At the first step we have plotted a distribution diagram of restriction enzymes recognition sites at every position of Alu repeat for all aligned Alu repeat sequences. Fig. 3 shows these distribution diagrams for restriction enzymes AluI and AsuHPI. As we can see from Fig. 3 there are distinct peaks of RE sites in Alu repeats sequences for AluI and AsuHPI restriction endonucleases as well as for all other enzymes, which we have studied here (see Additional file 1: Distribution diagrams of restriction enzymes' recognition sites in all Alu repeats sequences). For a further analysis locations of the maximal peak's value were chosen as these sites positions. It should be noted that some peaks are very close each to other (a twin peak) due to a common 2 bp deletion in positions 65–66 . We have observed twin peaks in positions 99/101 (AsuHPI), 79/81 and 110/112 (BstMAI), 87/89 (Bst2UI). Table 1 shows positions of recognition sites in aligned Alu repeats sequences and a number of sites at these positions in all Alu repeats (a combined value for a number of sites in twin peaks is given in the table). Because of short deletions and/or insertions in many Alu repeats sequences we have applied an approach of each site number determination as follows. Every particular recognition sequence has been searched in the interval ± 5 bp of the position indicated in column 2. In column 3 of Table 1 we have presented a total number of these sites. For the further consideration we have chosen only those sites, which are present at every particular position in more than 100,000 Alu repeats sequences. In Table 1 we have also indicated the percentage of Alu repeats, which contain a given site, and this site distribution within main subfamilies (in %).

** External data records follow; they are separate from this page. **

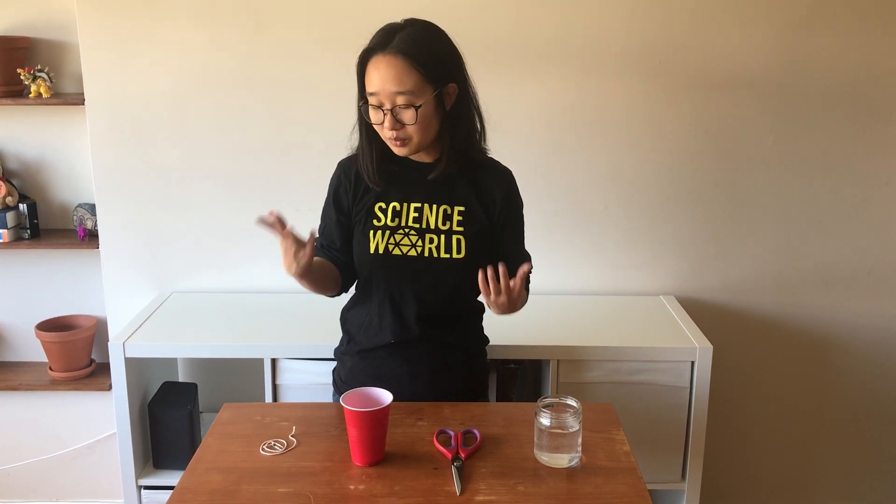Hi everyone, this is Cindy from Science World, and I'm just here to show you some of the science that I've been doing at home that you can also do at home. So what we're going to be doing today is we're going to be making a homemade version of an instrument called the cuica.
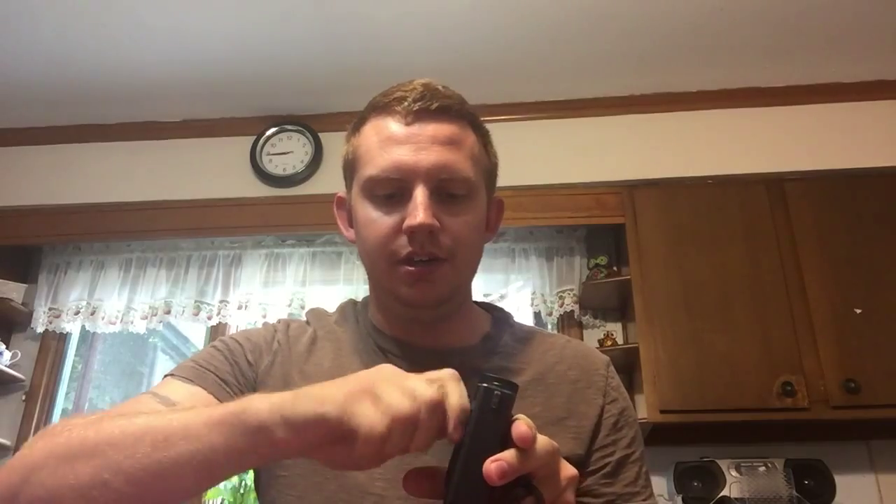It goes right on your firearm like this. What you do is simply put it on the guide rail and push it straight back. There we go — it clicks on, and then you just tighten the screw over here, and that's it. It's mounted. It's very, very secure. It does not move. You can bounce it, and you could probably throw your gun and it's not going to come off. Once it's tight, it's on there good.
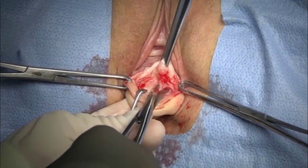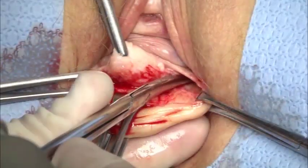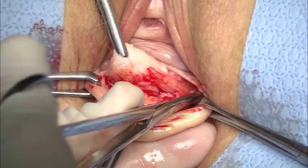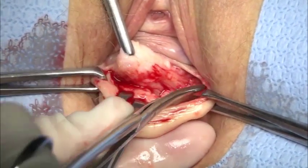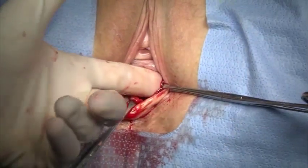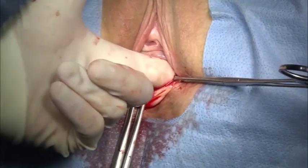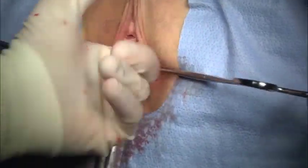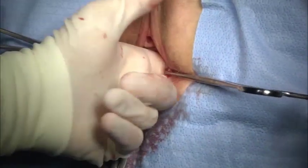Further dissection is carried out laterally. I accomplish this by gentle spreading with the Metzenbaum scissors, followed by finger dissection along the obturator muscle on the patient's left. I sweep my finger, maintaining firm lateral sidewall pressure against the obturator internus muscle in a downward and medial motion, cleaning off the sidewall and creating a smooth tunnel toward the ischial spine on the patient's left side.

Format: PDF Size: 229KB Download file
This file can be viewed with: Adobe Acrobat Reader
Figure 3. Distribution diagrams of AluI and AsuHPI recognition sites in all Alu repeats sequences.

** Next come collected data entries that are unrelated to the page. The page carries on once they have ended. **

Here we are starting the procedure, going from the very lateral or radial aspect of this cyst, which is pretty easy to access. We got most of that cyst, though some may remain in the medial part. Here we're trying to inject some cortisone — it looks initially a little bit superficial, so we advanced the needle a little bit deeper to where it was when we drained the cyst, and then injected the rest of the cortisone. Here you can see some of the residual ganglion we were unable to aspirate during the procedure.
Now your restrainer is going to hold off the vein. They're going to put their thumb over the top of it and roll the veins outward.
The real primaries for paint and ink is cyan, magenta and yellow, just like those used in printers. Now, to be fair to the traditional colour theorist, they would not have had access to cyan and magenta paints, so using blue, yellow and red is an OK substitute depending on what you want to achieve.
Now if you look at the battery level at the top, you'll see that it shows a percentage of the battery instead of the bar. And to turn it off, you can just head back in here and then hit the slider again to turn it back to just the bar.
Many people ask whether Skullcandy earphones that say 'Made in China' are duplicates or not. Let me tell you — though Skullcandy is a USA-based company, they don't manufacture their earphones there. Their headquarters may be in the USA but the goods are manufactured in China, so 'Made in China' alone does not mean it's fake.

Table 1. Amount of Alu repeats, which contain restriction enzymes recognition site at the certain positions
According to Table 1 data a maximal number of restriction enzymes' recognition sites in one position is 750,000 – 760,000. We have got such number of AluI sites at position 168 and BstDEI sites at position 182. Another set of sites in a range of 605,000 – 660,000 includes Bpu10I recognition sequence at position 181, two sites of BssECI at positions 205 and 255 and two sites of Bst2UI at positions 87/89 and 255. So, 63–64% of all aligned Alu repeats sequences contain AluI site at position 168 and BstDEI site at position 182. This value corresponds to a general estimation of AluI sites presence in the set of Alu repeats .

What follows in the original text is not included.